Thankyou so muchXxx I'll try that.
A couple more dopey questions: the valves on the pipes are marked Limpia Fondo/ boquillo, Slimmer and Boquillo.
When I clean I open Limpia fondo / boquillo valve and close the one marked Skimmer. Should the third one, boquillo, be open or closed? Pump is set to waste.
If I want to backwash how should I set the valves?
I know these are really dumb questions but so far I've muddled through with help from you guys..
Oh, there is another valve on the pipe that's vertical leading to under the pump, that's on Open. It hasn't got a tag so I don't know its function.


----------



## stevesainty (Jan 7, 2011)

I´m not a pool expert but am a keen amateur who has had guidance from a pool expert.

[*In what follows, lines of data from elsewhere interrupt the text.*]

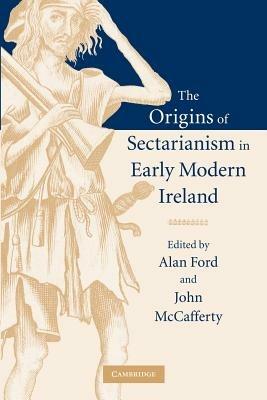The Origins of Sectarianism in Early Modern Ireland - cover
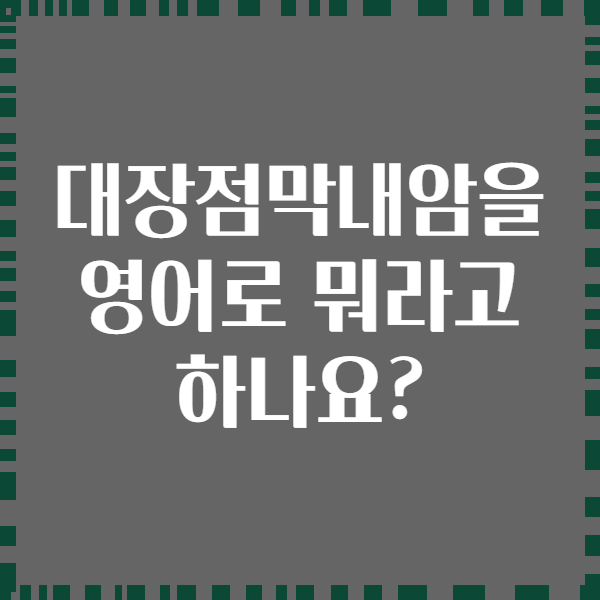 대장점막내암을 영어로 뭐라고 하나요?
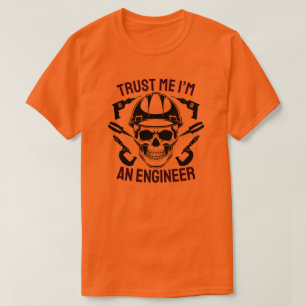 Vertrau mir, ich bin Ingenieur – Kühnes Totenkopf- T-Shirt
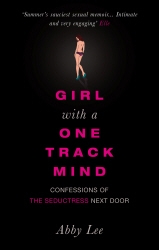Book cover of Girl with a One-Track Mind by Abby Lee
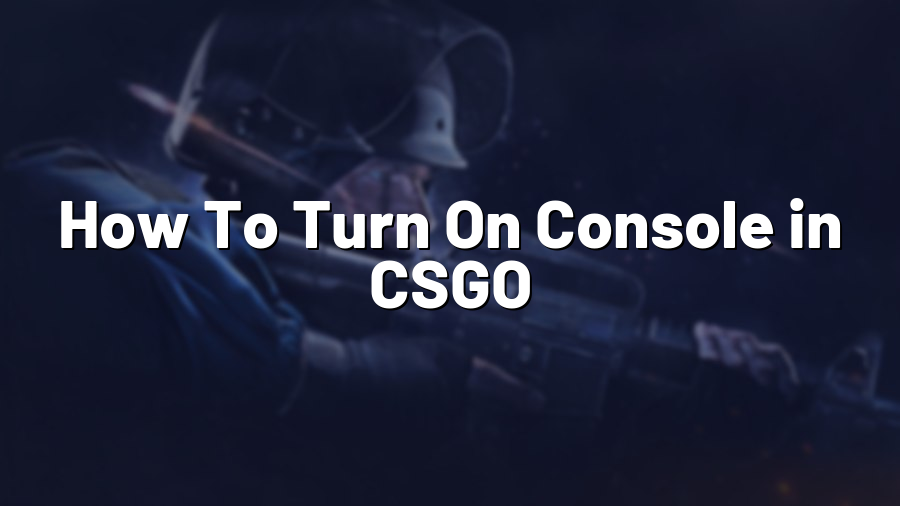 How To Turn On Console in CSGO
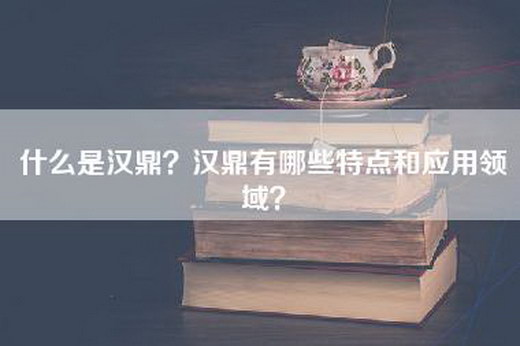 什么是汉鼎？汉鼎有哪些特点和应用领域？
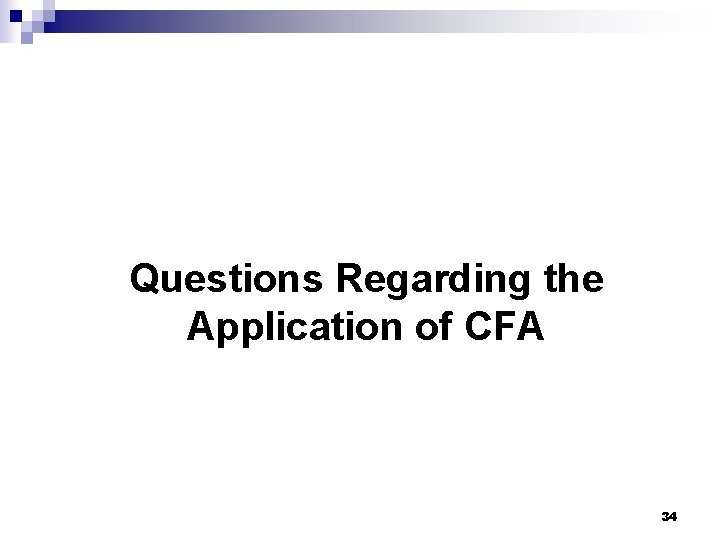 Questions Regarding the Application of CFA 34 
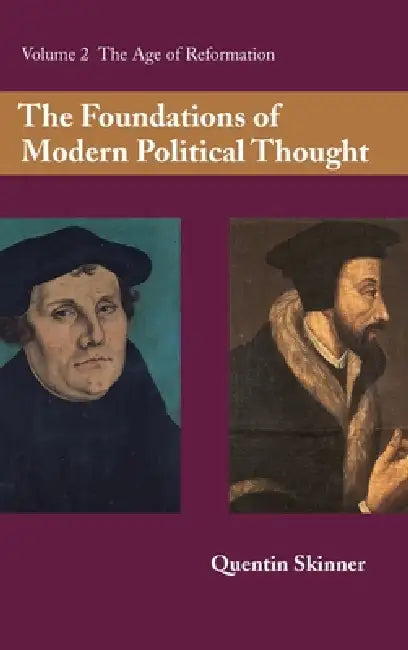 Buy The Foundations of Modern Political Thought (English, Quentin Skinner) — BookShops.in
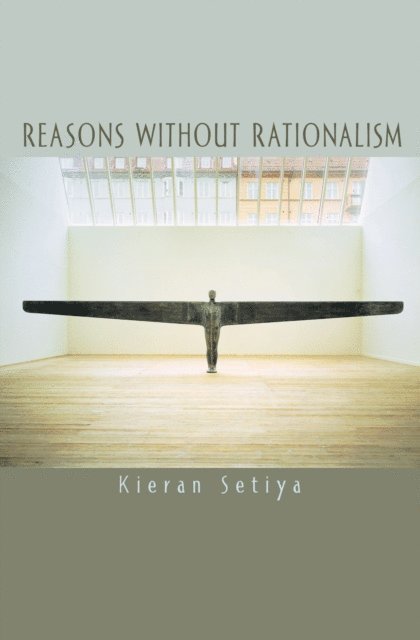 Kieran Setiya - Reasons without Rationalism, E-bok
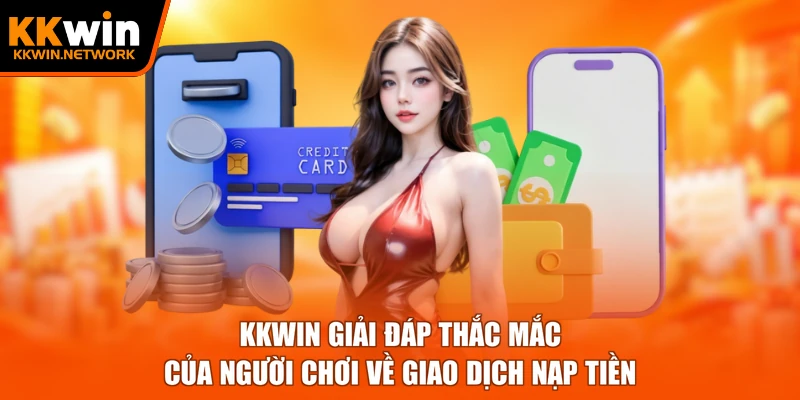 KKWIN giải đáp thắc mắc của người chơi về giao dịch nạp tiền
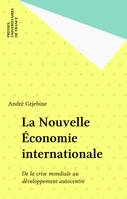 La Nouvelle Économie internationale, De la crise mondiale au développement autocentré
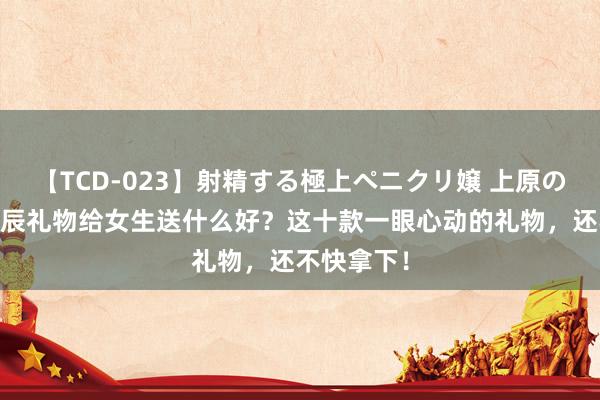 【TCD-023】射精する極上ペニクリ嬢 上原のぞみ 送寿辰礼物给女生送什么好？这十款一眼心动的礼物，还不快拿下！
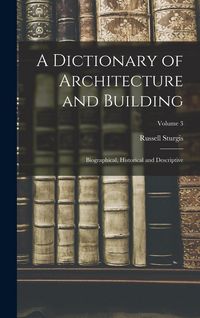 Produktbild: A Dictionary of Architecture and Building; Biographical, Historical and Descriptive; Volume 3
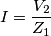 I=\frac{V_2}{Z_1}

The cloudiness is probably due to algae as you suspected and if the particles are too fine then they will not be trapped by the sand filter.

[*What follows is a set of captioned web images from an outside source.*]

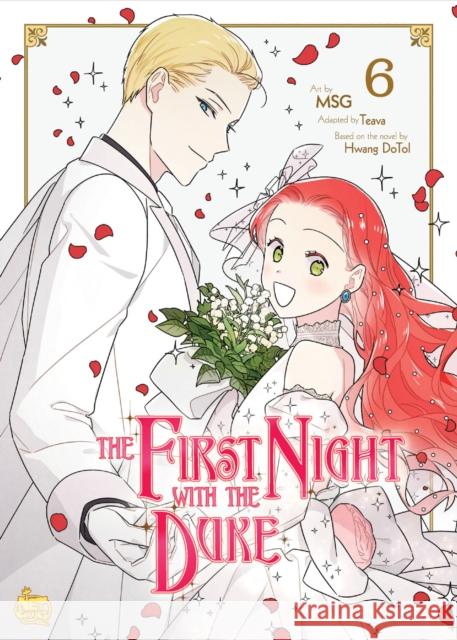 The First Night with the Duke Volume 6 Hwang Dotol                              Teava                                    Msg 9781600099458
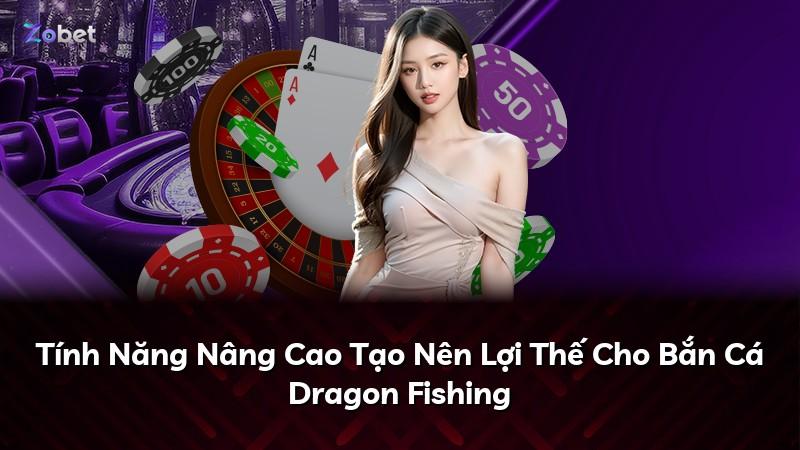 Tính Năng Nâng Cao Tạo Nên Lợi Thế Cho Bắn Cá Dragon Fishing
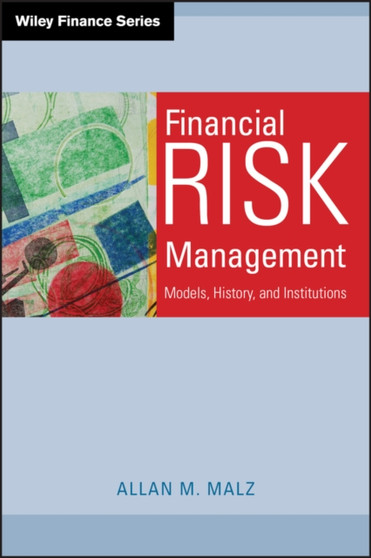 Financial Risk Management : Models, History, and Institutions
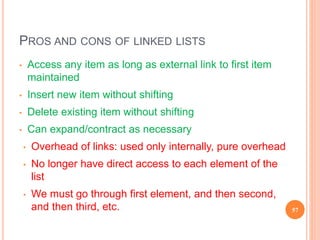 PROS AND CONS OF LINKED LISTS
• Access any item as long as external link to first item
maintained
• Insert new item without shifting
• Delete existing item without shifting
• Can expand/contract as necessary
• Overhead of links: used only internally, pure overhead
• No longer have direct access to each element of the
list
• We must go through first element, and then second,
and then third, etc. 57
 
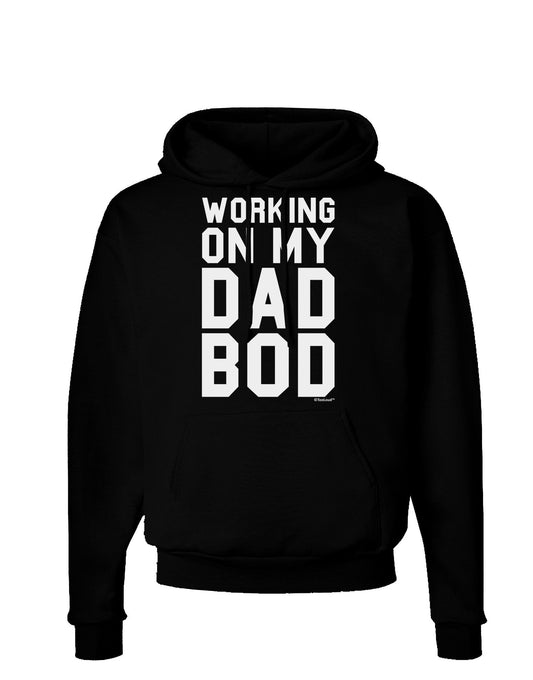 TooLoud Working On My Dad Bod Dark Hoodie Sweatshirt-Hoodie-TooLoud-Black-Small-Davson Sales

However, the fist thing you should do is give the sides of the pool a good scrub to get rid of the rest of the algae spores. Leave it overnight with the pump off to allow everything to settle to the bottom. The next day carefully vacuum the bottom to get rid of as much of the debris as possible. Back wash and rinse the sand filter. Turn the pump back on. 

You now need to test the water. I test for free chlorine, total chlorine, PH, total alkalinity and cyanuric acid.

I suspect your total alkalinity is low due in part because of the rain that is slightly acidic. You can remedy this by using some bi carb from Mercadona, but only use a 1/4 kilo at a time and mix with a big bucket of water before adding it to the pool. Mine was also too low this week.

I also suspect that your cyanuric acid level will be too high, this is due in part to the type of chlorine tablets you use. The only way to reduce the CYA is to dilute the pool water by draining 1/3 to 1/2 and topping up with fresh water. Too much CYA negates the effects of the chlorine on the algae bloom even though the chlorine levels read OK.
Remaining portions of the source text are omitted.